Maleducato, ruvido, analogico... il Motor Bike Expo piace sempre di più!

Ma lo abbiamo sempre detto, il Bike Expo è un festival un po’ maleducato, un po’ ruvido, è una fiera attenta alla modernità del digitale, dei social, ma resta analogica nell’anima, perché solo in questo modo il calore della passione, con i suoi profumi, i suoi colori, i suoi suoni possono colpirti come un buon vecchio, e ora quanto mai di moda, vinile. Pericolosa per i principianti, ti porti un parente che con le moto ha poco a che fare, e lo strappi dalle grinfie di un imbonitore che gli aveva già messo penna in mano e contratto sul tavolo. Va bene lo shopping ma… così è troppo!

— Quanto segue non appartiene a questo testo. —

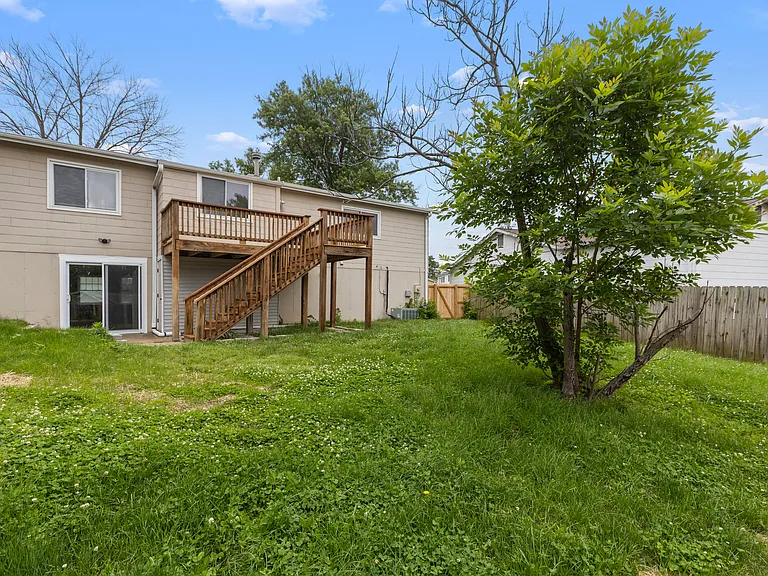 378 Novara Dr — Photo 27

La fiera è cresciuta, otto padiglioni quest’anno con spazi più larghi, meno assembramento nei vicoli dello shopping, con opinioni positive e negative, per guardare una moto più spazio va bene, ma il maggior passaggio effetto imbuto dai negozianti serve per fare scontrini, anche se l’avventore del Motor Bike Expo è come il cane da tartufo, lo pneumatico buono lo scova ovunque sia… ah quel buon profumo di gomma da grattare.

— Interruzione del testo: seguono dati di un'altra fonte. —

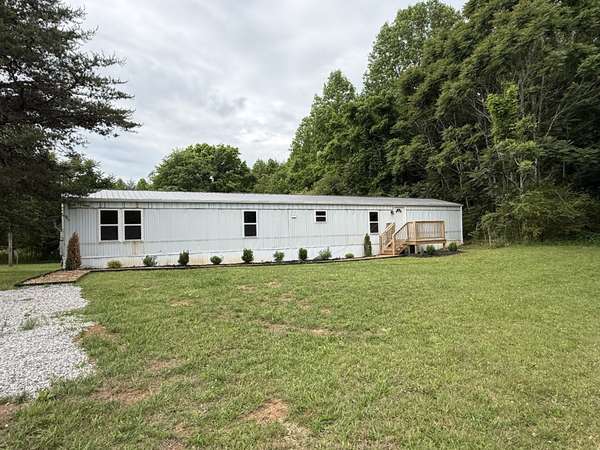 8149 McMinnville Hwy, Doyle, TN 38559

Bravi i grandi costruttori, presenti in forze, con stand più o meno ufficiali, Moto Guzzi, Yamaha, Suzuki, Moto Morini, Benelli, Royal Enfield, Indian Motorcycles, Harley-Davidson, Kawasaki, BMW, Ducati, Triumph, che hanno arricchito e credono sempre di più in questa manifestazione. La battaglia tra le maxi-viaggiatrici di Indian, Harley, BMW ma anche Triumph è stata epica, le avrei messo in un ring a suonarsele a colpi di bellezza.

I salotti buon del Motor Bike Expo?

I salotti buoni ci sono ancora, sparsi per la fiera creando qui e là quelle bolle di atmosfera che richiamano il garage che tutti vorremmo avere, o quell'officina dove vorremmo sempre portare la nostra moto. I salotti ci sono ancora, ma la fiera è diventata più grande e loro si sono dispersi nei vari angoli, attendendo sempre il giusto avventore o la foto da incorniciare.
E’ questo lato del Motor Bike Expo, unito all’anomalo shopping da motociclista, o allo street-food, che ancora una volta ha creato la giusta atmosfera sfidando anche la pioggia, è questo lato della fiera che continua a convincere.

La nuova disposizione della fiera, pur avendo creato spazi e maggior scorrevolezza per il pubblico, ha creato anche un po’ di dispersione, o semplicemente ha disorientato noi avventori abituali. Se un po’ metti, può essere che qualcosa perdi, e quella sensazione da bazar, che per qualcuno poteva sembrare poco professionale, a noi ha sempre dato un gusto particolare.

Concludiamo con una considerazione sulla deviazione obbligatoria usciti dall’autostrada verso un parcheggio periferico. Voto… 10! Dopo le prime imprecazioni, arrivati al parcheggio gratuito, la navetta gratuita subito presente ci ha trasbordati in 10 minuti alla nuova entrata del Motor Bike Expo. Ottimo!

La prossima edizione? La racconteremo in un modo diverso!